|
 |

MASTORing languages
| |
IBM's history with speech recognition technology goes back over 40 years – to its first demonstration of an early discrete translation system at the 1964 New York World's Fair. At the time, the "shoebox recognizer" could identify the spoken digits zero through nine – for a total of ten words.
Speech recognition has made great strides from those humble beginnings, but travel and the Internet are helping to flatten the world, so more robust and comprehensive tools are needed. Going through airports or getting sick in a foreign country and not being able to understand or communicate can be, at best, inconvenient and, at worst, dangerous.

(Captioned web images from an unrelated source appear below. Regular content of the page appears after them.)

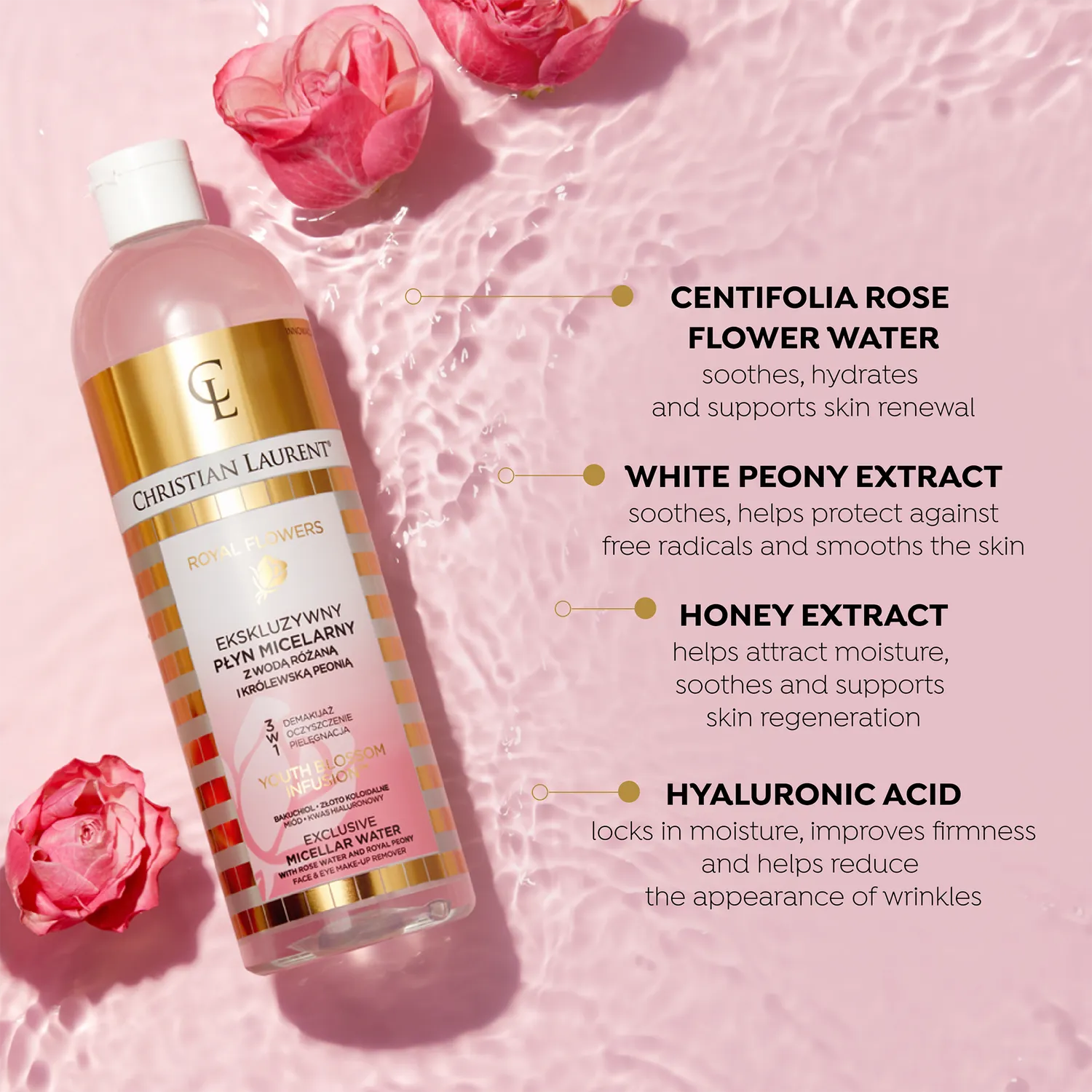 Eveline Christian Laurent eau micellaire rose  pivoine
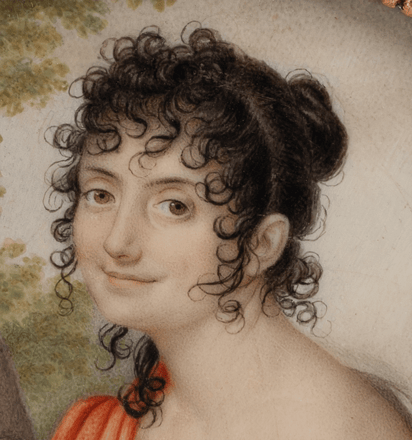 Dame, in eine Baumrinde schreibend — 13815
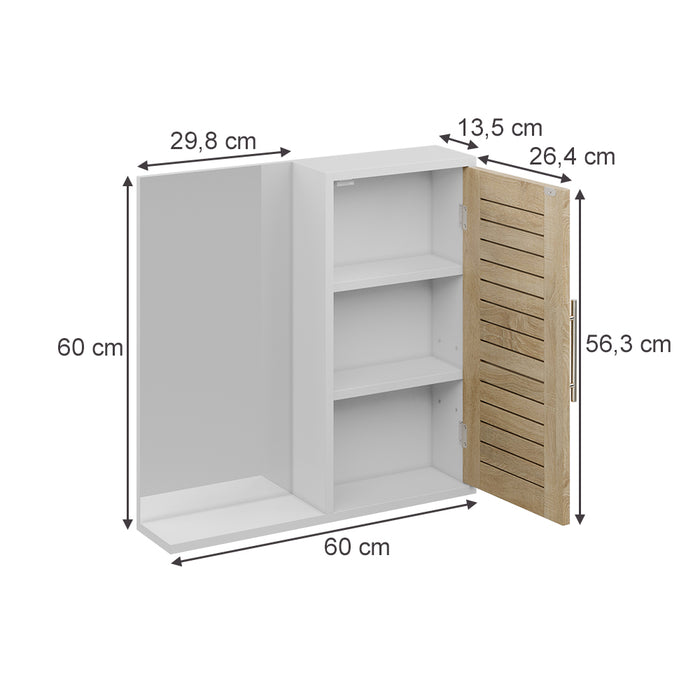 Vicco Specchio contenitore bagno Bianco/quercia 60 x 60 cm con 3 scomparti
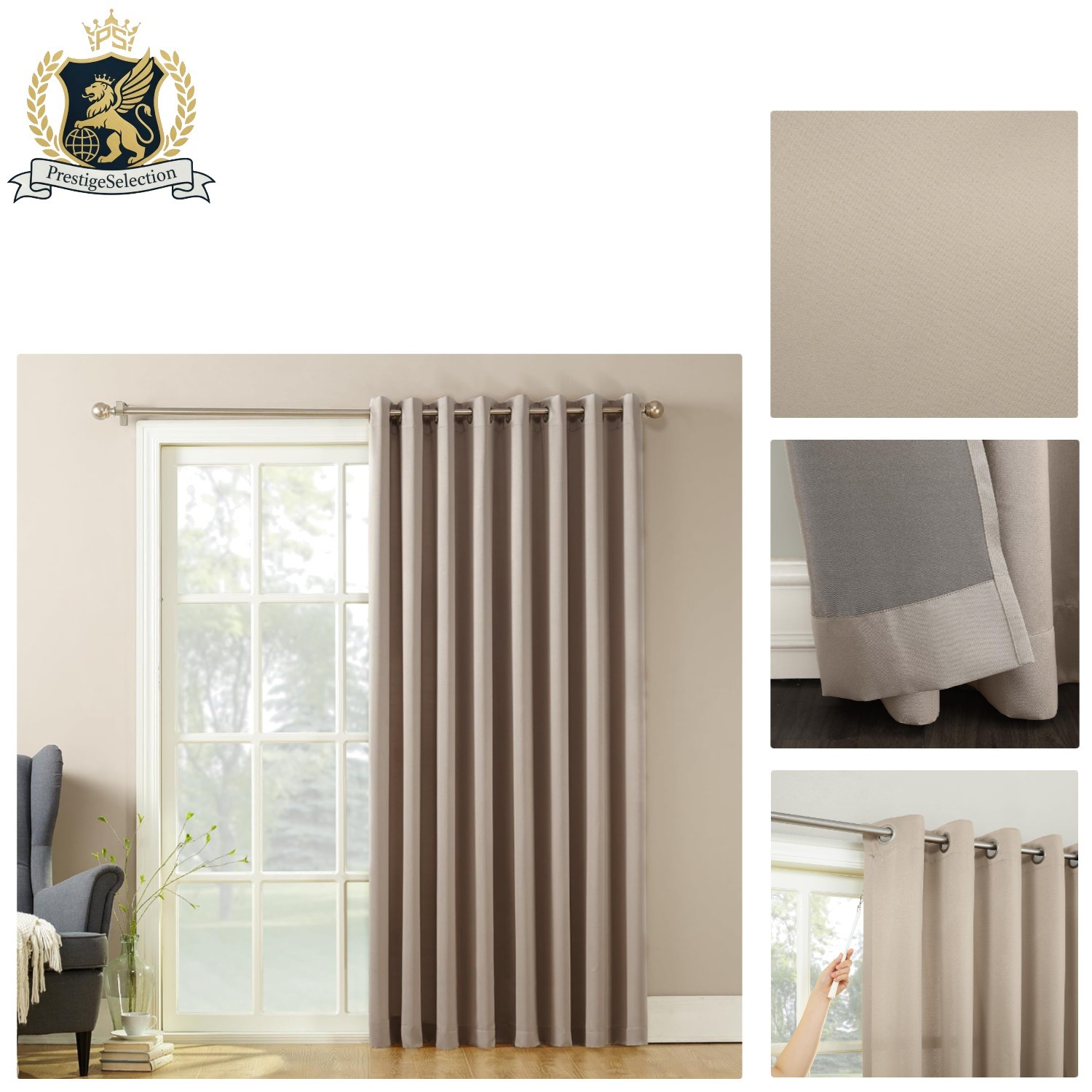 Barrow Energy Efficient Grommet Sliding Patio Door Curtain – 100″x84″, Stone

Yuqing Gao, manager of speech recognition and understanding for IBM Research, had been working on speech technologies for many years when, in 2000, she felt as if speech recognition technology had reached a plateau in its statistical approach. She believed that speech recognition needed new perspectives that could strengthen it for practical uses, such as language-independent semantic meaning representation, dialogue and pragmatic context, and more. She viewed speech translation as an integrated task of speech recognition and understanding. To break through that plateau and go beyond what had existed before, Gao and her team worked to add semantic meaning and context to the work -- a goal they have accomplished with MASTOR (or Multilingual Automatic Speech-to-Speech Translator).
Of course, if this were easy, it would have been done long ago. Gao admits there are a number of hurdles, referring to recognition and translation as "two open-ended challenges."
"Look at recognition alone," she said. "There are different dialects, accents, some low voices, some high pitched, older voices, a speaker who uses slang or who slurs or who speaks slowly. And, no matter what, there is always background noise."
To work as intended, the system needs to recognize English and translate it to Arabic or Chinese and then recognize Arabic or Chinese and translate it back again. But Arabic dialects, for instance, are mainly oral, not written. The written language is very different from the spoken language and those issues had to be dealt with during development. To overcome the difficulties, the team invented algorithms and filed over 10 patents specifically related to these problems.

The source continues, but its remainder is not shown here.